Ayrıca, Buhari'nin İbn
Abbas'tan rivayetini delil gösterirler. Bu rivayete göre İbn Abbas bir cenaze
namazını kılmış ve Fatihatü'l-Kitab'ı okuyup şöyle demiş: Bunun sünnet olduğunu
bilesiniz diye okudum.
Nesai de Ebu Umame
yoluyla gelen hadiste şöyle dediğini nakleder: Cenazelere kılınan namazda
sünnet olan birinci tekbirden sonra gizlice Ummu'lKur'an'ı (Fatiha'yı) okuması,
sonra da üç tekbir getirmesi, son tekbirden sonra da selam vermesidir.
Muhammed b. Nasr
el-Mervezı de yine Ebu Umame'den şöyle dediğini zikreder: Cenazeler üzerine
namazda sünnet olan önce tekbir getirmen, sonra da Ummu'l-Kur'an'ı okumandır.

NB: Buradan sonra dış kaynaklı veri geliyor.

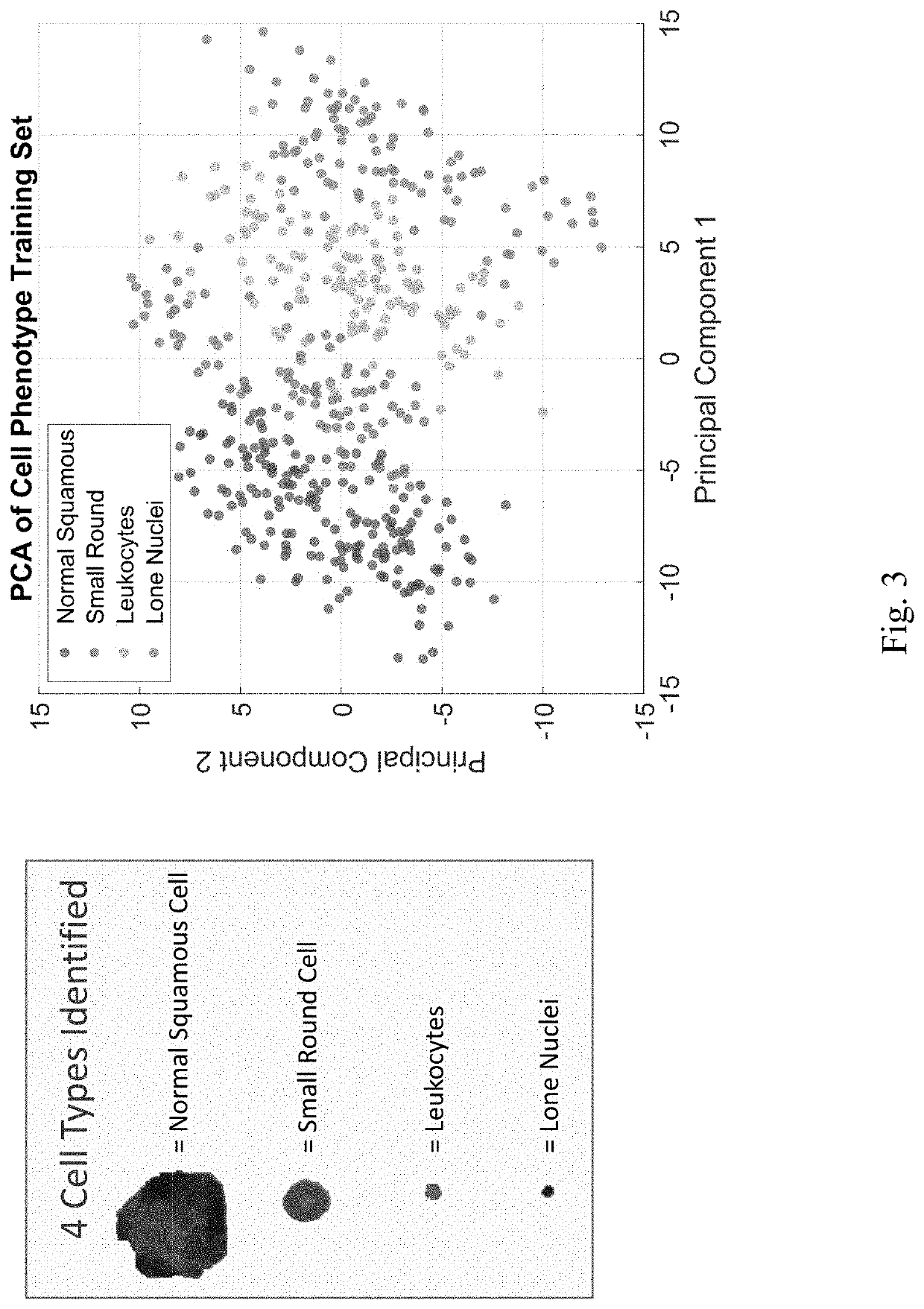 Systems and Methods of Oral Cancer Assessment Using Cellular Phenotype Data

Daha sonra Peygamber (s.a.v.)'e salat ve selam getirirsin. Sonra da ölüye ihlasla
dua edersin.
Ancak birinci tekbiri
getirdikten sonra Kur'an okunur, ondan sonra ise selam verilir. Hocamız
Ebu'l-Abbas der ki: Bu iki hadis de sahihtir ve bu iki hadis de usul (hadis
usulü) alimlerince müsned hadis gibi değerlendirilmiştir. Bununla birlikte Ebu
Umame hadisi gereğince uygulama (amel) daha uygundur. Zira o hadiste hem Hz.

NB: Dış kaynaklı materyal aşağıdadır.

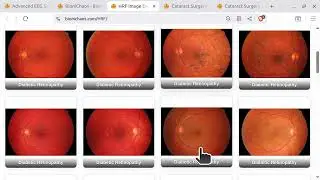 AI Agents Debug Cataract Surgery Sim: GPT-4o, Claude & O3-Mini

Peygamberin: "Fatihatu'l-Kitab'sız namaz olmaz" hadisi ile hem de
ölüye ihlasla dua bir arada yapılmış olur. Cenaze namazında Fatiha Suresi'nin
okunması ise duaya bir başlangıçtan ibarettir. Doğrusunu en iyi bilen
Allah'tır.
10- Cenaze Namazı
Kıldıran imamın Duracağı Yer:
Cenaze namazını kıldıran
imamın, erkeğin başı hizasında, kadının da göbeği hizasında durması sünnettir.
Çünkü, Ebu Davud'un Hz. Enes'den yaptığı rivayet bunu gerektirmektedir. Enes
(r.a) bir cenaze namazını kıldırdıktan sonra, kendisine el-Ala b. Ziyad şöyle
sormuş: Ey Ebu Hamza, Resulullah senin bu kıldığın namaz gibi mi cenaze
namazlarını kıldınyordu? Dört tekbir alıyor ve erkeğin başı hizasında, kadının
da göbeği hizasında mı duruyordu? Enes, evet diye cevap vermişti. Bu hadisi,
Müslim de Semura b. Cündub'dan rivayet etmiştir. Semura dedi ki: Peygamber
(s.a.v.) lohusa olarak vefat eden Um Ka'b'ın cenaze namazını kıldırdığı sırada
ben de Peygamberin arkasında namaz kıldım. Resulullah (s.a.v.) onun cenaze
namazını kıldırmak üzere ortasına doğru durmuştu.
11- Ölenin Kabri
Başında Durmak:
Yüce Allah'ın:
"Kabrinin başında da durma" buyruğu ile ilgili olarak şunları
belirtelim: Resulullah (s.a.v.), - "et- Tezkire" adlı eserimizde de
belirttiğimiz gibi (yüce Allah'a hamd olsun)- ölü defnedildikten sonra kabri
başında durur ve sebat bulması için ona dua ederdi.